奈良に住んでいて大仏を知らぬ者はいない。 だが その製作工程において数多くの奴婢や人足のいたことまでは思わない。聖武天皇発願のこの盧舎那仏には国家鎮護というわりにはあまりにも多くの尊い犠牲があって完成したものなのだ。
長門の奈良登り(現在の山口県美東町長登銅山)で掘られ、精錬された銅が、大変良質だということで、これが奈良の大仏造営に使われることになる。精錬の技術を買われた奈良登りの人足たち・・主人公である国人というひたむきに生きる最下層の青年の視点から見た国を挙げての一大事業が読み応えのある物語になった。

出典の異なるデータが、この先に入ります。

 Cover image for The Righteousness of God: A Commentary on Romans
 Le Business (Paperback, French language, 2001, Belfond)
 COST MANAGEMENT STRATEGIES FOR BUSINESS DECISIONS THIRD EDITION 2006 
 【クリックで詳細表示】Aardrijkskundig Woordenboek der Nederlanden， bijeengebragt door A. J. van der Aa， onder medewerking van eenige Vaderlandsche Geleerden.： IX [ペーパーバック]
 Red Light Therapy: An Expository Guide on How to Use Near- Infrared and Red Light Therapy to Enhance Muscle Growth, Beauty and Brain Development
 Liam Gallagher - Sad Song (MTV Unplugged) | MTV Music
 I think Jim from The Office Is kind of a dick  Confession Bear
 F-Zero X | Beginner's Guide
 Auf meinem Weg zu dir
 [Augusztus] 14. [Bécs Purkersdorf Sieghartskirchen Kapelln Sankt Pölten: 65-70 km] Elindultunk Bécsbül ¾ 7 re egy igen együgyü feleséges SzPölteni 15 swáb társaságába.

歯を食いしばり一日を過ごす。星を数える間もなく眠りにつく。都に献上する銅をつくるため、若き国人は懸命に働いた。 優しき相棒、黒虫。情熱的な僧、景信。忘れられぬ出会いがあった。そしてあの日、青年は奈良を旅立った。 大いなる理不尽のなかでも、素直と勤勉で無事に大仏開眼を迎える。 「そなたらが大仏を鋳込んだのだとすれば、そなたたちが仏なのだ。」という悲田院の僧の言葉を胸に刻んで、なつかしい奈良登りへ帰っていく。

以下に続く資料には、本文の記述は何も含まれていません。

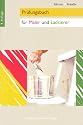 Pr&uuml;fungsbuch f&uuml;r Maler und Lackierer
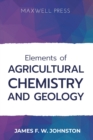 Image for Elements ofAgricultural Chemistry and Geology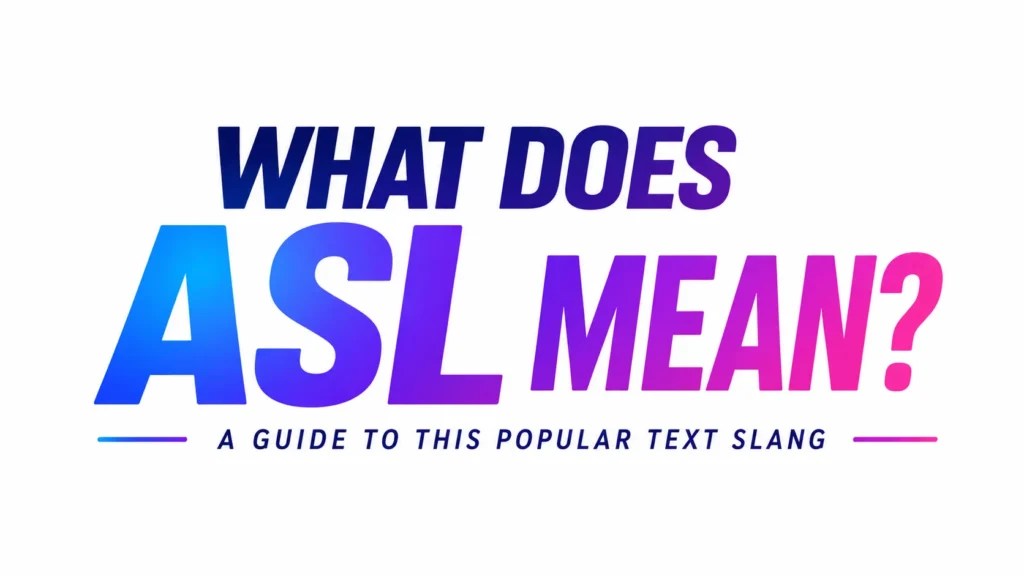 “Bold colorful typography banner reading ‘What Does ASL Mean?’ with a blue-to-pink gradient design and the subtitle ‘A Guide to This Popular Text Slang’ on a clean light background.”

死者は、生者に力を与える。生者が死者を思い出す限りにおいては。
人の病いの最良の薬は人なのよ。
自分の仏を持て。 お前がお前の燈火。その明かりで足元を照らせ。
いい本を読んだ・・と せつに思う。
2008年12月09日(火) |
華の碑文 世阿弥元清 杉本 苑子 |
碑文とは ふつう石碑に刻み付ける言葉だろうけれど、『華の碑文』とは・・華に刻み付ける・・私の解釈ではそれぞれの心にある華、すなわち魂に刻みつけるということか・・?
新しい猿楽の創始者である観阿弥とその天才的継承者である世阿弥の芸が音阿弥へと続き、『能』となって今に伝わる。 世阿弥の思いは自分達だけに留まらずに、五百年後も千年後もずっと幽玄な芸として『かんぜの能』が継承されることを願った。
「無用のことをせぬと知る心」 「せぬ心のおもしろさ」 を論じ、芸位の究極を『蘭位』━蘭けたる位に置いて、無心の感、無位の位風にあこがれ、そのための『定心』の確率に腐心してきた。 「せぬ」とは、何もしないのではなくて、逆に、はりつめた精神活動の燃焼を指す。日々夜々、行住坐臥、寸刻の油断もなく修行し、美の本質へ向って肉迫しぬく心・・・・・。その『定心』の展開が、行きつき、ひらきつくしたところに、しんじつ、人を打つおもしろさは生れる。人は移り、時代は変っても滅びることの無い美は、はじめてここにこそ花ひらくのだ。